(Collected data entries)
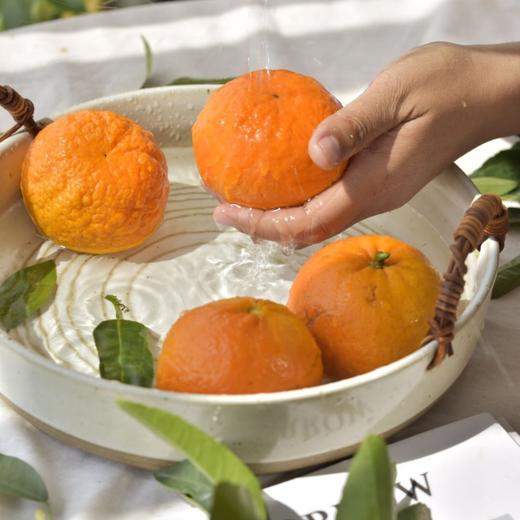 云端美沃沃柑#清甜橘香，甘甜爽口，饱满多汁，甜到心窝，高海拔山地，沙土种植 商品图2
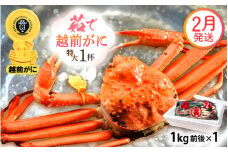 越前がに本場の越前町からお届け！ 越前がに 浜茹で 特大サイズ（生で1kg前後） × 1杯 かにの食べ方しおり かにスプーン付き【かに カニ 蟹】【福井県 越前町 雄 ズワイガニ ボイル 冷蔵 越前ガニ 越前かに 越前カニ ずわいがに ずわい蟹 かに カニ 蟹】【2月発送分】希望日指定可 備考欄に希望日をご記入ください [e15-x012_02]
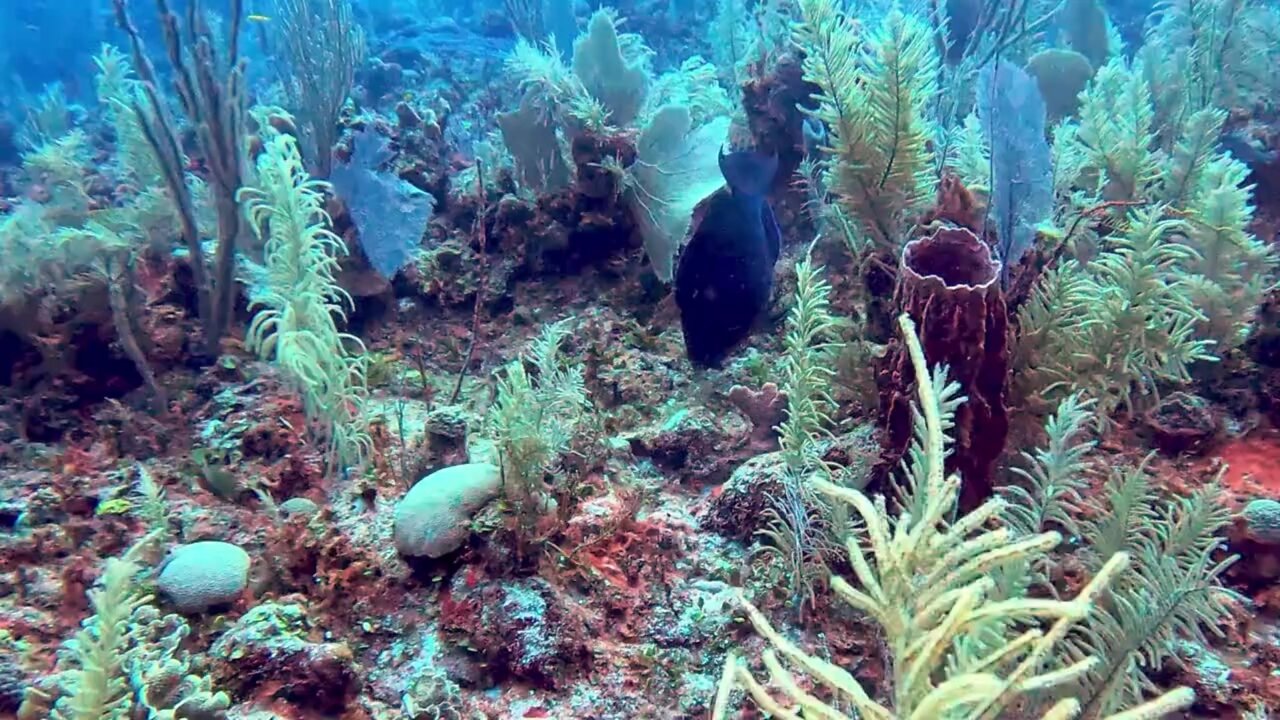 Midnight parrotfish is strikingly beautiful and elusive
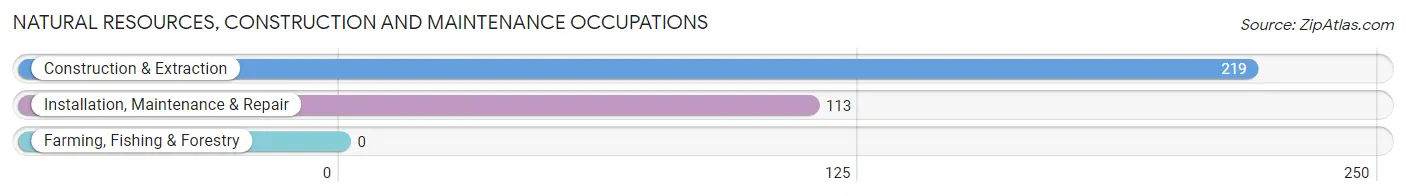 Natural Resources, Construction and Maintenance Occupations in Enola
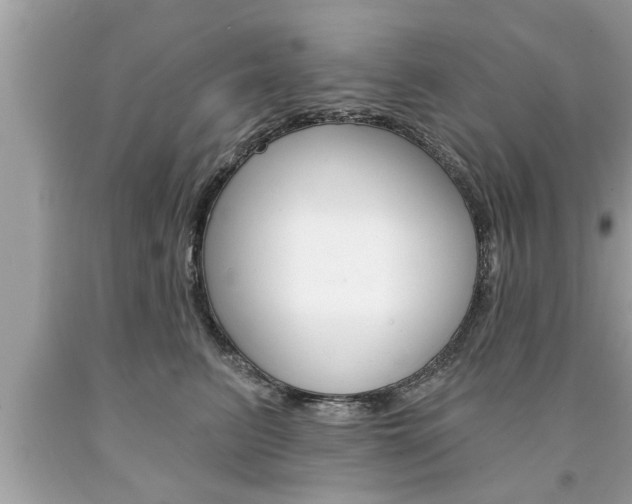 X0000094170615200710260910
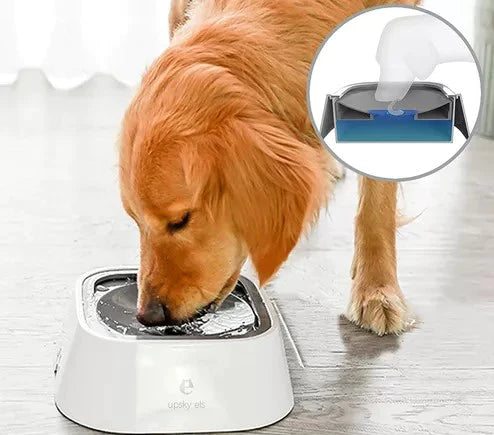 Bebedero Anti Derrame para Mascotas: Hidratación Sin Preocupaciones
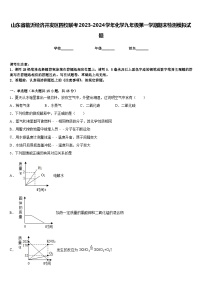 山东省临沂经济开发区四校联考2023-2024学年化学九年级第一学期期末检测模拟试题含答案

### [WHAT IS BEING ASKED]
Please make an exact copy of the records, leaving out any picture.

### [EXERCISE SOLUTION]
 云端美沃沃柑#清甜橘香，甘甜爽口，饱满多汁，甜到心窝，高海拔山地，沙土种植 商品图2
 越前がに本場の越前町からお届け！ 越前がに 浜茹で 特大サイズ（生で1kg前後） × 1杯 かにの食べ方しおり かにスプーン付き【かに カニ 蟹】【福井県 越前町 雄 ズワイガニ ボイル 冷蔵 越前ガニ 越前かに 越前カニ ずわいがに ずわい蟹 かに カニ 蟹】【2月発送分】希望日指定可 備考欄に希望日をご記入ください [e15-x012_02]
 Midnight parrotfish is strikingly beautiful and elusive
 Natural Resources, Construction and Maintenance Occupations in Enola
 X0000094170615200710260910
 Bebedero Anti Derrame para Mascotas: Hidratación Sin Preocupaciones
 山东省临沂经济开发区四校联考2023-2024学年化学九年级第一学期期末检测模拟试题含答案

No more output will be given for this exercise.